I did leave after 21 years, I told him I was going, he didnt attempt to talk, I had to wait for a place to go in the meantime I moved into the spare room and 2 months later started talking to an ex via emails and text,my then 14 year old daughter saw some messages and this came back to haunt me later. I was out of the home for a month and hubby then wooed me completely even the sex picked up, I went home and within months things were back to normal.
Our daughter added to our problems, she had already been stealing from school (before our split, although she likes to use that as her excuse) she then caused us nothing but heartache for 4 years. Stealing, taking pills, smoking pot, constantly lying, staying out all night and finally leaving home @ 15. She came and went several times, living in a dump with a single mom & drug dealers as neighbours.
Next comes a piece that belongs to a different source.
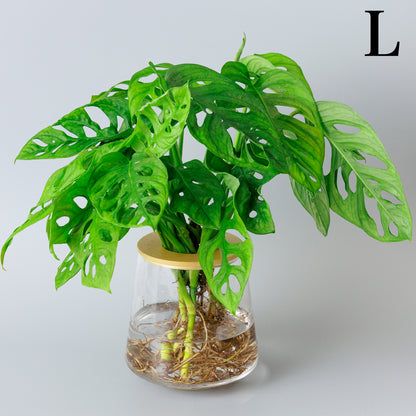 マドカズラの水耕栽培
I tried everything with her, from nice to tough but nothing ever worked, once I gave her an ultimatum come home or stay in the dump for good, she chose to stay but now claims I kicked her out. I have always had to deal with her myself, my husband taking a back seat and looking good, he gave her everything and sometimes went against my decisons behind my back. He regretted that when he had given her money after I had said no and she used it to buy pills!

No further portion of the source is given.